MassBank / MassBank-web

The web server application and directly connected components for a MassBank web server
14 stars 22 forks source link

Update of MassBank Record format with enhanced compound class information #205

Open meier-rene opened 4 years ago

meier-rene commented 4 years ago

At the moment the CH$COMPOUND_CLASS is a mandatory, but free format field and the content is not very useful for computer algorithm. We would like to include some more useful information there. We would like to include the classes from the ChemOnt ontology and I would like to discuss the best way to include this information. Currently this field is described with:

Category of Chemical Compound.
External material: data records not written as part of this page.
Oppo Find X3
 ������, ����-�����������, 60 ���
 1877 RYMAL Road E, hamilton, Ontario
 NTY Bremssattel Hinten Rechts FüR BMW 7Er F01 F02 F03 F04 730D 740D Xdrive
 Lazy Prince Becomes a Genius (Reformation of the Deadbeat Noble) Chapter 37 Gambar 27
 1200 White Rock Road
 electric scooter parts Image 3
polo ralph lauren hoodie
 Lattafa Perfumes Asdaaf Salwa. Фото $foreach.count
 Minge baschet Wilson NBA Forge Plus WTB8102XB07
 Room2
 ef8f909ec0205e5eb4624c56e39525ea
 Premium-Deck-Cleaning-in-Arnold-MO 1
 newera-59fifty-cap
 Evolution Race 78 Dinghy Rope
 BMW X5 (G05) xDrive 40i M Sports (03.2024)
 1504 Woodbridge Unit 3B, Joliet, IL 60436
Mandatory Example: CH$COMPOUND_CLASS: Natural Product; Carotenoid; Terpenoid; Lipid Either Natural Product or Non-Natural Product should be precedes the other class names .

The entries are separated by ; which would also work for ChemOnt, because none of the classes contains a ;. To split the individual classes the character / is not available, because its included in some ontology terms. A |would be possible but I would rather prevent this character. A '\' is available and I would prefer this one. Thats why I propose the change of the record format as follows:

2.2.2 CH$COMPOUND_CLASS

Category of Chemical Compound. Mandatory
Either Natural Product or Non-Natural Product should be precedes the other class names . 
ChemOnt ontology terms are supported in the following format 
'ChemOnt[2.1]:Organic compounds[0000000]\Lipids and lipid-like molecules[0000012]\Prenol lipids[0000259]\Tetraterpenoids[0001554]\Carotenoids[0001277]\Carotenes[0001411]'

Example: CH$COMPOUND_CLASS: Natural Product; Carotenoid; Terpenoid; Lipid; ChemOnt[2.1]:Organic compounds[0000000]\Lipids and lipid-like molecules[0000012]\Prenol lipids[0000259]\Tetraterpenoids[0001554]\Carotenoids[0001277]\Carotenes[0001411]

The benefit of this changes are: -compatible change in record format, no database changes required -machine readable information available -if we implement full text search one day, these terms are immediately available to the user

Any concerns? Any change requests?

schymane commented 4 years ago

My biggest issue with this field is the (historical) requirement for "Natural" or "Non-Natural Product" as this is impossible to automate. You will see the vast majority of the records we contributed have this as NA - we had to do this to satisfy upload requirements at the time. Is it time to remove the requirement to state "Non-Natural Product"?

For instance, for us, caffeine is an environmental contaminant, but it is also a natural product. Ditto for nicotine ... and many others. We cannot systematically classify these terms ... but ChemOnt allows alternative systematic classification as you proposed as an alternative.

Re separator, maybe also consider | instead of the slash.

tsufz commented 4 years ago

I would also prefer automatic classification. What's about ClassyFire?

tsufz commented 4 years ago

What is the problem with |?